Contents
What is fine-tuned neural network?
Fine-tuning is a way of applying or utilizing transfer learning. Specifically, fine-tuning is a process that takes a model that has already been trained for one given task and then tunes or tweaks the model to make it perform a second similar task.
What does end to end neural network mean?
End-to-end (E2E) learning refers to training a possibly complex learning system represented by a single model (specifically a Deep Neural Network) that represents the complete target system, bypassing the intermediate layers usually present in traditional pipeline designs.
What does end to end training mean?
End-to-end learning refers to training a possibly complex learning system by applying gradient-based learning to the system as a whole. End-to-end learning system is specifically designed so that all modules are differentiable.

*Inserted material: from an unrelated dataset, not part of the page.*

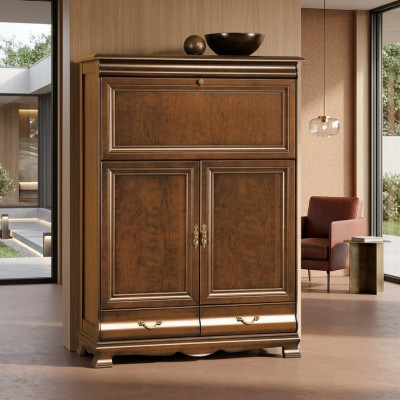 Kommode kast Hoge kast Ontwerp dressoirs Kasten Meubilair 2 deuren Hout Nieuw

What does fine-tuned machine mean?
1 : precisely adjusted for the highest level of performance, efficiency, or effectiveness a fine-tuned machine His voice on “Always Late with Your Kisses” rolled along its cordillera of syllables like a fine-tuned sports car.—
Is finetune one word?
verb (used with object), fine-tuned, fine-tun·ing. to tune (a radio or television receiver) to produce the optimum reception for the desired station or channel by adjusting a control knob or bar.
How is fine tuning a neural network used?
Transfer learning occurs when we use knowledge that was gained from solving one problem and apply it to a new but related problem. For example, knowledge gained from learning to recognize cars could be applied in a problem of recognizing trucks. Fine-tuning is a way of applying or utilizing transfer learning.
What does it mean for a neural network to be trained end?
In a machine learning (usually “deep learning”) setup, an end-to-end model learns all the features that can occur between the original inputs (x) and the final outputs (y). For question-answering tasks, for example, x is an original question “who’s the president of the United States,” and y is an answer “Donald Trump.”
How is fine tuning used in machine learning?
Instead, we treated the CNN as an arbitrary feature extractor and then trained a simple machine learning model on top of the extracted features. Fine-tuning, on the other hand, requires that we not only update the CNN architecture but also re-train it to learn new object classes.
When do weights change in fine tuning strategy?
As shown in figure 2 of {1}, in the fine-tuning strategy all weights are changed when training on the new task (except for the weights of the last layers for the original task), whereas in the feature extraction strategy only the weights of the newly added last layers change during the training phase: {1} Li, Zhizhong, and Derek Hoiem.